In his speech at the Veterans of Foreign Wars convention Wednesday, President Bush surprised many people by invoking the example of Vietnam in arguing against a withdrawal from Iraq. CNN invited David Gergen, who served as an advisor to Presidents Nixon, Ford, Reagan, and Clinton, to comment on that aspect of Bush's speech.

"He may well have stirred up a hornet's nest among historians," Gergen stated. "By invoking Vietnam, he raised the automatic question, 'Well, if you've learned so much from history, Mr. President, how did you ever get us involved in another quagmire?' ... It's surprising to me that he would go back to that, and I think he's going to get a lot of criticism."

"This is not a man who's talking about compromise," Gergen emphasized "This is not a man who's talking about a Plan B. ... This a man saying, 'I'm hanging tough.'"

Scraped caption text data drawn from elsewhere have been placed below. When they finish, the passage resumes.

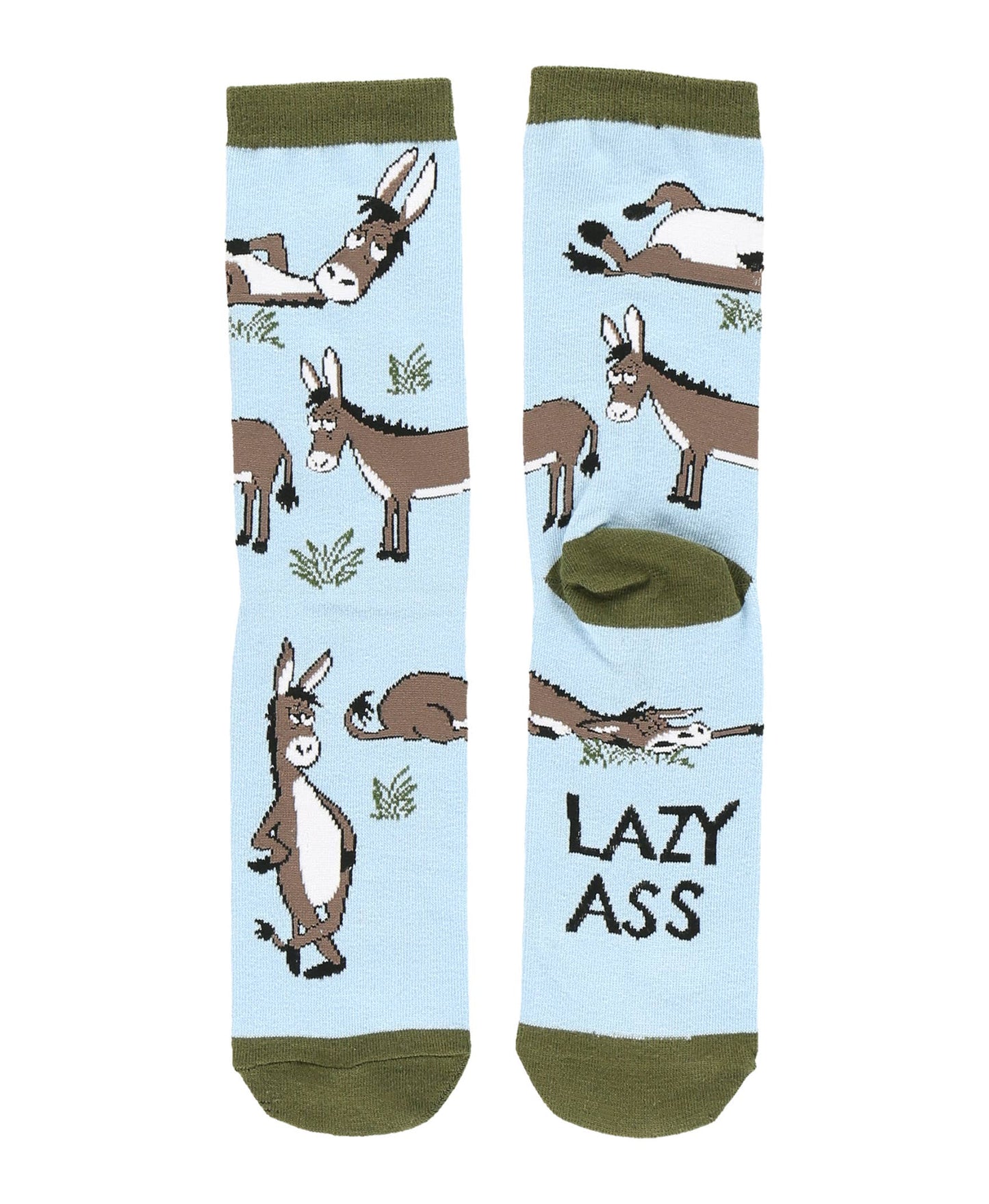 Lazy Ass Blue Crew Sock One Size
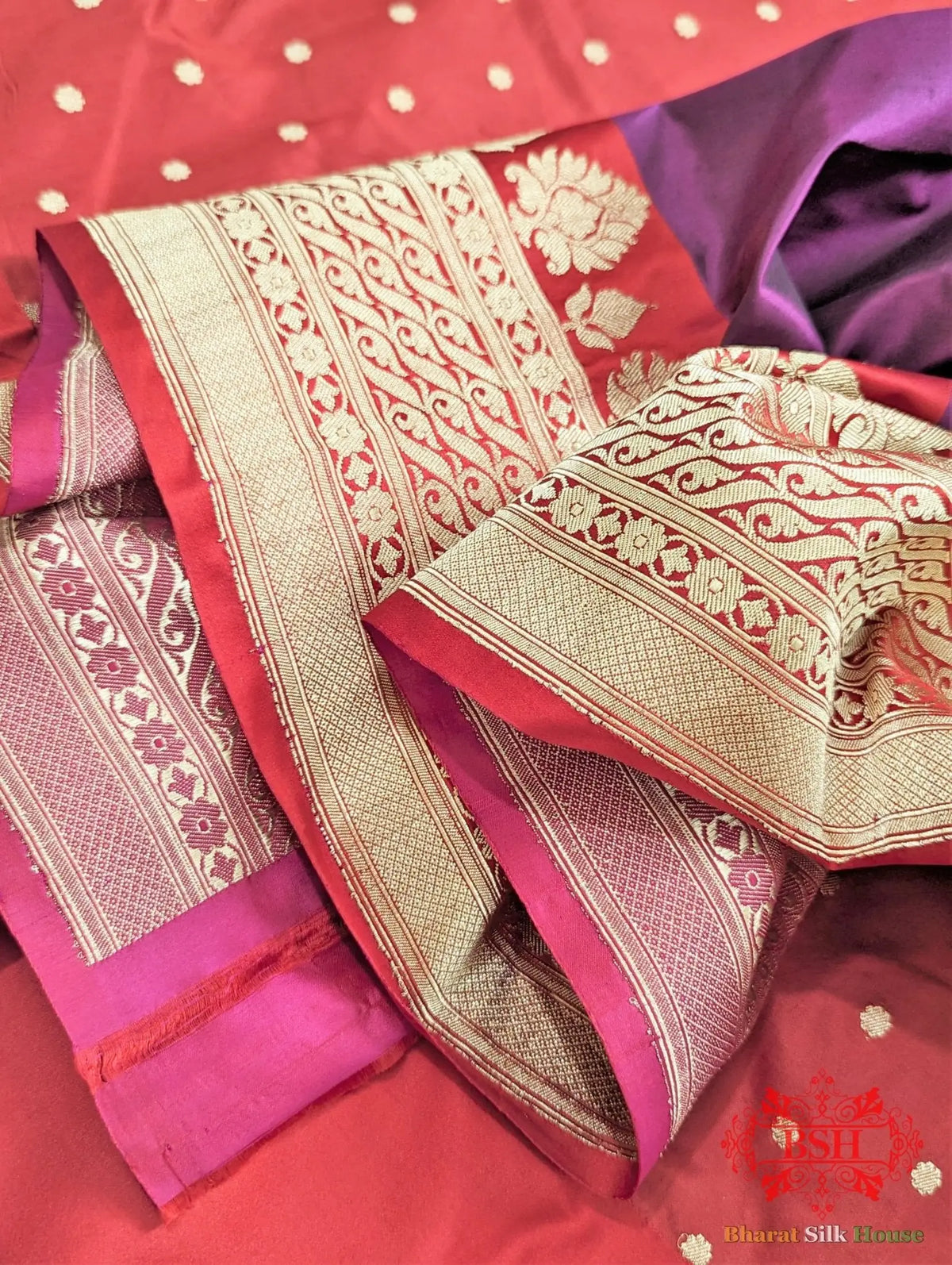 Pure Katan Silk Banarasi Handloom Saree In Shades Of Deep Pink - Bharat Silk House Pure Kataan Silk
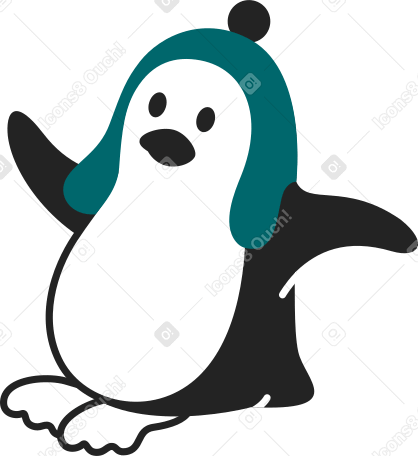 座っているペンギン PNG、SVG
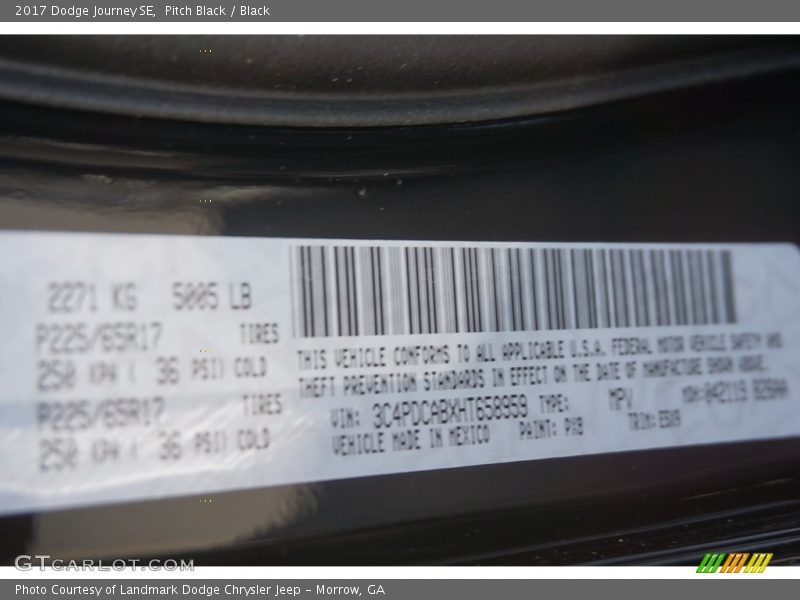Pitch Black / Black 2017 Dodge Journey SE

CNN asked Gergen about Bush's statement that "there's one unmistakable legacy of Vietnam, and that is the price of America's withdrawal was paid by millions of innocent citizens, whose agonies would add to our vocabulary new terms like 'boat people,' 're-education camps,' and 'killing fields.'"

Gergen acknowledged Bush's point that there were "massive killings" when the US left Vietnam, but insisted, "He's wrong to say that Cambodia only occurred because we pulled back. There are many who believe, had we not gone into Cambodia ourselves ... this country might have been more stable."

Gergen added that "everybody understands" there's going to be a US pullback in Iraq when the surge ends in the spring. "We're not going to stay there forever to prevent killings," he stated. "When we start pulling back, there's likely to be a bloodbath in Iraq, too."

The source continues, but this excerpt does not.